REQUIRED WORK
Go through the records and extract every line with the word "Vintage".

Stored data
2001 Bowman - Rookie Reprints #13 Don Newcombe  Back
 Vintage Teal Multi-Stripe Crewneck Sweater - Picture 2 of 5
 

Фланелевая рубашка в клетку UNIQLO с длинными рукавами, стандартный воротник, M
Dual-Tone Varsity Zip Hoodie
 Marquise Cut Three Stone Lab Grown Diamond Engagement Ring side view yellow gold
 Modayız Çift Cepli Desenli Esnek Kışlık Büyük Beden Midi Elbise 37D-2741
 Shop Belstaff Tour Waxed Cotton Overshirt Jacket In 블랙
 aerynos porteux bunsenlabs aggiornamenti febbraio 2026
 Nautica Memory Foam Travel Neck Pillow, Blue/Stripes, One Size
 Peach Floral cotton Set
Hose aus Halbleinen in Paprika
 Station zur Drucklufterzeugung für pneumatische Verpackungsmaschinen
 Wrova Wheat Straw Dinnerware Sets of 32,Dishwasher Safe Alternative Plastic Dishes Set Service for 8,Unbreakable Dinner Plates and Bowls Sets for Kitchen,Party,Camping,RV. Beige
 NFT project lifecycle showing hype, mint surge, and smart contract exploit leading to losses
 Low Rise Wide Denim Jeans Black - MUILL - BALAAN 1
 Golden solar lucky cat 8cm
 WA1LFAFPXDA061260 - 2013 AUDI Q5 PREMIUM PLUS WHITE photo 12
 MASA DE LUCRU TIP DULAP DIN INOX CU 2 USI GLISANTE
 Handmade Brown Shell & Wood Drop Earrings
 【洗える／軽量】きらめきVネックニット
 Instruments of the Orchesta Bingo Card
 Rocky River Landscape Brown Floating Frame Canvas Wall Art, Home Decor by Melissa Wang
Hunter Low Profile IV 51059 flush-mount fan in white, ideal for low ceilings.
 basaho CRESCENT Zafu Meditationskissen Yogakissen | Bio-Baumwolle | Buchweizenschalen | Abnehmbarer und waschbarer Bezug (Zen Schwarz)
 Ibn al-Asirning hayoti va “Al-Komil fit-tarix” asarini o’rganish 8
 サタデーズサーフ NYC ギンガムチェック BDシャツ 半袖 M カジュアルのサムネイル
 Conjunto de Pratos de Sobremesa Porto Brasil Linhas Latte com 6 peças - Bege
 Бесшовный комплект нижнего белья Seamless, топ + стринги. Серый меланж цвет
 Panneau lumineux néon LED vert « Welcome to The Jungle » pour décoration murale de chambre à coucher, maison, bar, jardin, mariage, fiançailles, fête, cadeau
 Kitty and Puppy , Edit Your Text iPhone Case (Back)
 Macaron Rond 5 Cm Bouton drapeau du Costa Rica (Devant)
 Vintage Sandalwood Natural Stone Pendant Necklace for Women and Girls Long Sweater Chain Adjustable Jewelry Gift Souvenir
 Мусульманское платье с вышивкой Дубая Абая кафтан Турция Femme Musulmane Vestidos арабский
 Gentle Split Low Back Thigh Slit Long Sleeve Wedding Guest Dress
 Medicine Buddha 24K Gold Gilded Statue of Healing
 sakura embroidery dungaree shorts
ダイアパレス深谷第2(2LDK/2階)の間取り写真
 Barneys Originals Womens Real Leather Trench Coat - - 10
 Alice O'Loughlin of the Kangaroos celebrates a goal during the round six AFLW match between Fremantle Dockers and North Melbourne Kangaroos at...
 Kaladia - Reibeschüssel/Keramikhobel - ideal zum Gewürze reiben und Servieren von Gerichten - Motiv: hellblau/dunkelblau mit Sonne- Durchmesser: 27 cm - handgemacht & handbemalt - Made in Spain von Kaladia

RESPONSE BELOW
 Vintage Teal Multi-Stripe Crewneck Sweater - Picture 2 of 5
 Vintage Sandalwood Natural Stone Pendant Necklace for Women and Girls Long Sweater Chain Adjustable Jewelry Gift Souvenir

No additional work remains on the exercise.